Imagine we have a function that returns a Promise, ie call a GET endpoint of an api and return the response data.
function testFn() {
return fetch('http://localhost/ep')
}
The response will remain valid for some unknown period of time but may need to be refetched later. Basically anytime somebody needs it, it needs to be fresh.
Now let's say multiple asynchronous functions need to call this method at some point for different purposeses.
If for some reason one function calls this method and lets say is waiting for its completion. And another function calls the method while the first promise not yet resolved I want to avoid calling the function again and instead return a promise to the second caller that will resolve/reject at the same time and with the same data as the first one.
To generalize, the input async method may accept arguments and we need to group the calls by those arguments. To do that I use a Map with keys being JSON stringified array of arguments, but I also allow to override this strategy using the options.keyFn
In the following code the bottleneck
function accepts the input async method and returns the wrapped method with the same signature.
export type BottleneckOptions<P extends unknown[]> = {
keyFn?: (...args: P) => string
}
export function bottleneck<T, P extends unknown[]>(
neck: (...args: P) => Promise<T>,
options: BottleneckOptions<P> = {},
): (...args: P) => Promise<T> {
type QueueItem = {
resolve: (value: T) => void
reject: (error: any) => void
}
const bottles: Map<string, QueueItem[]> = new Map()
return (...args: P) => {
const resolveAll = (result: T) => {
for (const item of bottle) {
item.resolve(result)
}
clear()
}
const rejectAll = (error: any) => {
for (const item of bottle) {
item.reject(error)
}
clear()
}
const clear = () => {
bottle.length = 0
bottles.delete(key)
}
const key = options.keyFn ? options.keyFn(...args) : JSON.stringify(args)
const bottle: QueueItem[] = bottles.get(key) || []
bottles.set(key, bottle)
const result = new Promise<T>((resolve, reject) => {
bottle.push({ resolve, reject })
})
if (bottle.length === 1) {
neck(...args).then(resolveAll).catch(rejectAll)
}
return result
}
}
Now an example where we just wrap the standard fetch function.

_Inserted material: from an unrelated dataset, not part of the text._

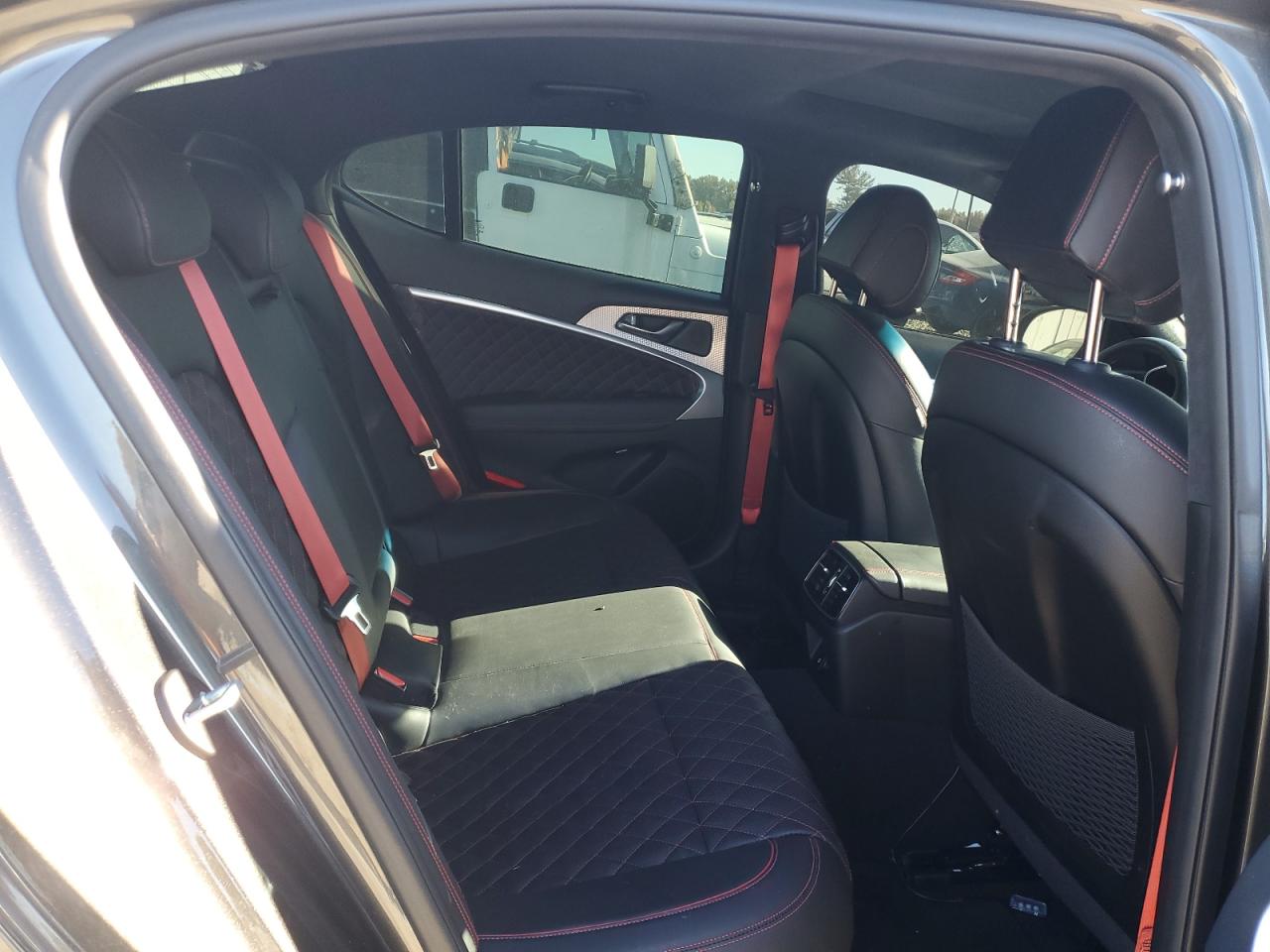 2023 GENESIS G70 BASE VIN:KMTG54TE5PU117687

const neck = bottleneck(fetch)
const result = await Promise.all([
neck(url1),
neck(url1),
neck(url1),
neck(url2),
neck(url2),
])
console.log(result) // fetch only called twice (most likely) but all results for url1 (resp. url2) are same
The keyFn
of the options allows to change the grouping for example stacking all calls ignoring the first argument and using only the second.
const testFn: <A, T>(a: A, b: string) => Promise<T> = ...
const wrappedFn = bottleneck(testFn, { keyFn: (a, b) => b }
Or to ignore all arguments entirely:
const wrappedFn = bottleneck(testFn, { keyFn: () => '' }
Lastly, let me provide a real use case
There is an api that is authenticated with bearer token.
Whenever the token expires the api responds with 401 and the client is supposed to request a new token via refresh token endpoint and then retry the original request with the new bearer token.
Multiple client app components may call different endpoints of the api in parallel. This means that if they are all invoked with an expired token they will all receive 401 and attempt to refresh the token, invoking multiple calls to the refresh token endpoint.
The bottleneck
function would be used to wrap the refresh token function causing all parallel requests that fail with 401 to wait for the same refreshed token from the first invoker until they retry their request.